Attraverso l’ufficio informazioni, poi, è possibile pernottare in centralissimi bed & breakfast gestiti, a prezzi molto convenienti, da affittacamere locali. Se avete la stessa fortuna capitata al sottoscritto anche il vostro potrebbe rispondere al nome di Mensud Durakovic. Da calciatore ha giocato a fianco dell’ex juventino Hasan Salihamidzic; oggi, dopo la guerra che lo ha visto impegnato in difesa della città assediata dalle forze paramilitari serbe prima che la coalizione croato-bosgnacca si sfaldasse e desse luogo ad una ancor più drammatica guerra civile, allena le giovanili del Velez.
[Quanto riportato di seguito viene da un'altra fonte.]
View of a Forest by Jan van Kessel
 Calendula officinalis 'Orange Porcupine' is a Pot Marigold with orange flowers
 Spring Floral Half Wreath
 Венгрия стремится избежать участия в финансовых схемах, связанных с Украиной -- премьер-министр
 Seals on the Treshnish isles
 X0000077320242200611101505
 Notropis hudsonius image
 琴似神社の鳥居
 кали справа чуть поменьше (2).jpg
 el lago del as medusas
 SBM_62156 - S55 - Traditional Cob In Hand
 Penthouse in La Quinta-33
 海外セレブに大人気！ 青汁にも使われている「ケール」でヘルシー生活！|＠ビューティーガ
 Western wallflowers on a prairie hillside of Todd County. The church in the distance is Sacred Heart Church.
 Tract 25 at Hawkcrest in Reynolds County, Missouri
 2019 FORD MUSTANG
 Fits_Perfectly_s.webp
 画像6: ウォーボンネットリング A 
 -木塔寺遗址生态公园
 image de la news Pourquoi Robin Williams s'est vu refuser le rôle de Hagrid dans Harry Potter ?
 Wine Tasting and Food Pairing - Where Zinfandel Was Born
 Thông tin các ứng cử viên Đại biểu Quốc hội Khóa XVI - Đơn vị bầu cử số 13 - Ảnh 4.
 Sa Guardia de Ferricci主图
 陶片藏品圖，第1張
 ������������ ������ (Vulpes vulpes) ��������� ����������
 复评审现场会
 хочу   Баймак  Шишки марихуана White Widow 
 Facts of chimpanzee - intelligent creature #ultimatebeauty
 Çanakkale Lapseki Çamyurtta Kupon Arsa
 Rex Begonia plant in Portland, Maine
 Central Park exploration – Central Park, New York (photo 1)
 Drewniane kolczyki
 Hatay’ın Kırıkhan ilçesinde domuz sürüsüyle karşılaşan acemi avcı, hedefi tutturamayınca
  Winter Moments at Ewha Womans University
Un tempo simbolo e orgoglio dell’intera città senza alcuna distinzione etnica l’FK Velez Mostar viene ora sempre più associato al tifo bosgnacco. Dopo la guerra civile hanno persino dovuto cedere il proprio stadio allo Zrinjski, la squadra simbolo del nazionalismo croato, che dopo la seconda guerra mondiale era stata esclusa dal campionato iugoslavo per aver partecipato a quello degli ustascia. Le ferite della guerra civile e la divisione in linee etniche della città hanno fatto sì che la piccola Mostar cominciasse ad ospitare, come hanno raccontato in un bel reportage Andrea Luchetta e Luca Gambardella, uno dei derby più pericolosi al mondo.
Al di là delle apparenze, infatti, le fratture e le divisioni, che portarono alla completa distruzione della città nei primi anni Novanta, sono ancora estremamente marcate e il calcio non può far altro che evidenziarle. Nella “città divisa“, tuttavia, ci sono poche ma determinate forze che si organizzano per cercare di frenare le spinte nazionalistiche tanto croate quanto bosgnacche. Se gli intellettuali della città si trovano all’OKC Abrasevic, un bel bar situato in una zona ancora segnata dalle molte macerie, Mensud Durakovic ha invece deciso che per educare al rispetto dell’altro e combattere l’isteria xenofoba le armi migliori fossero un pallone e un campo da calcio.
La storia della sua vita, quella di suo figlio Dzenan, che oggi gioca in Austria nel Forchtenstein, e della sua missione di combattere il nazionalismo attraverso lo sport è raccontato nel 2009 in un commovente documentario della regista modenese Claudia Tosi dal titolo “Mostar United – A struggle against nationalism“.